A collection of German composer Paul Hindemith’s (1895–1963) papers and memorabilia has been donated to the Gumberg Library at Duquesne University. The Hindemith collection consists of documents, photographs, articles, pamphlets, and books illustrating various aspects of Hindemith’s life. It also includes a large number of photocopied letters along with postcards Hindemith both sent and received. There are photographs of Hindemith at varying times of his life, including rare images of his childhood. Some original artwork, such as hand-made post cards and a puzzle he made as a gift, are unique items of the collection. A wooden panel from Karl Bauer’s (editor at the American branch of publisher B. Schott’s Söhne, Mainz) desk has special significance since Hindemith would carve an illustration in it each time they met at Bauer’s office.

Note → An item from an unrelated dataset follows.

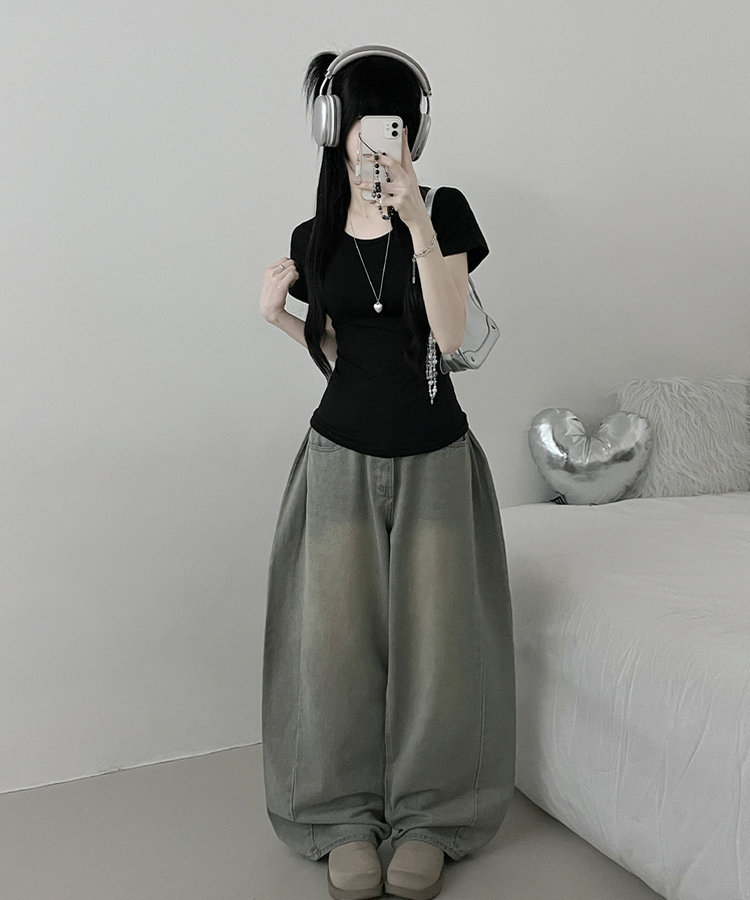 Uネックリブスリム半袖Tシャツ(6color) BLACK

A collection of works by Thomas Merton—writer, poet, social critic, religious thinker, and monk—has been donated to the University of Arkansas Libraries-Fayetteville. Included in the collection are 156 first editions by Merton, 192 other Merton editions, and another 142 first-edition volumes written by scholars about Merton. The collection also includes essays, bibliographies, journals and issues of journals on Merton, and more than 100 recordings. Thomas Merton (1915–68) was the author of more than 70 books that include poetry, personal journals, collections of letters, and writings on social criticism, peace, justice, and ecumenism. Merton’s early education was in England and France; after a year at Cambridge University in England, he entered Columbia University in New York.He entered the Abbey of Gethsemani near Louisville, Kentucky, and was ordained a Catholic priest in 1949. Merton’s first published works were books of poetry, but it was the publication of his best-selling autobiographical Seven Storey Mountain (1948). From the publication of that book onward, Merton’s writings had a dramatic impact on social attitudes toward Christian spirituality—especially contemplative spirituality—during the 20th century. Works that reflect Merton’s keen interest in solitude and contemplation as an antidote to what he calls “the murderous din of our materialism,” include Seeds of Contemplation (1949) and The Silent Life (1957). Other works such as The Way of Chuang Tzu (1965) and Mystics and Zen Masters (1968) reflect his keen interest in Eastern philosophy and mysticism. Works such as Faith and Violence (1968) and The Nonviolent Alternative (1980) show his passionate stance against war and violence.